- Date: 1–7 April
- Edition: 2nd
- Category: Tier IV
- Draw: 32S / 16D
- Prize money: $140,000
- Surface: Clay / outdoor
- Location: Porto, Portugal

Champions

Singles
- Ángeles Montolio

Doubles
- Cara Black / Irina Selyutina
- ← 2001 · Porto Open

= 2002 Porto Open =

Tennis tournament

The 2002 Porto Open was a women's tennis tournament played on outdoor clay courts in Porto, Portugal and was part of Tier IV of the 2002 WTA Tour.

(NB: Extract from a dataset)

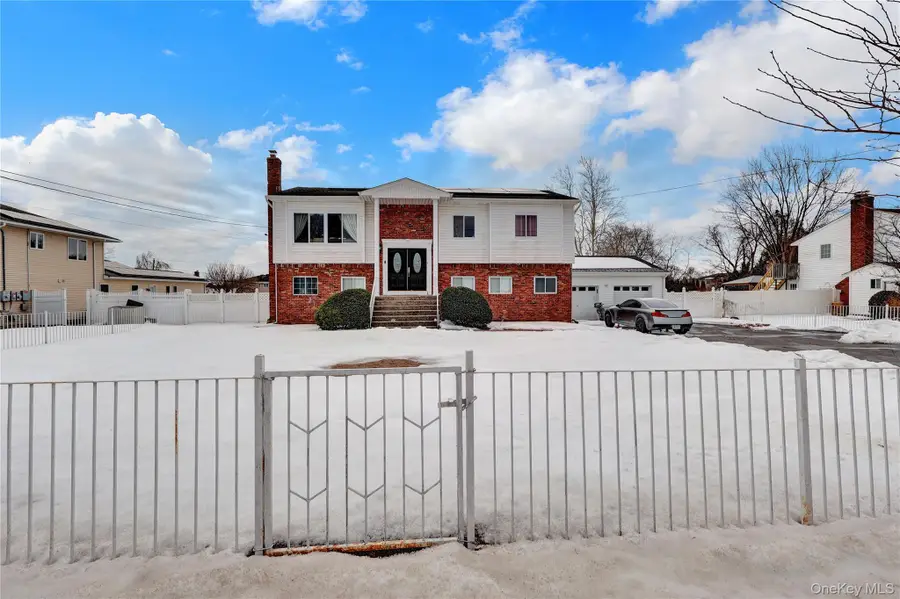 40 Scholar Lane, Commack, NY 11725 - #3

It was the second and last edition of the tournament and was held from 1 April until 7 April 2002. First-seeded Ángeles Montolio won the singles title and earned $22,000 first-prize money.

==Finals==
===Singles===
ESP Ángeles Montolio defeated ESP Magüi Serna 6–1, 2–6, 7–5
- It was Montolio's 1st singles title of the year and the third and last of her career.

===Doubles===
ZIM Cara Black / KAZ Irina Selyutina defeated NED Kristie Boogert / ESP Magüi Serna 7–6^{(8–6)}, 6–4
- It was Black's 1st doubles title of the year and the 9th of her career. It was Selyutina's 2nd doubles title of the year and the 3rd and last of her career.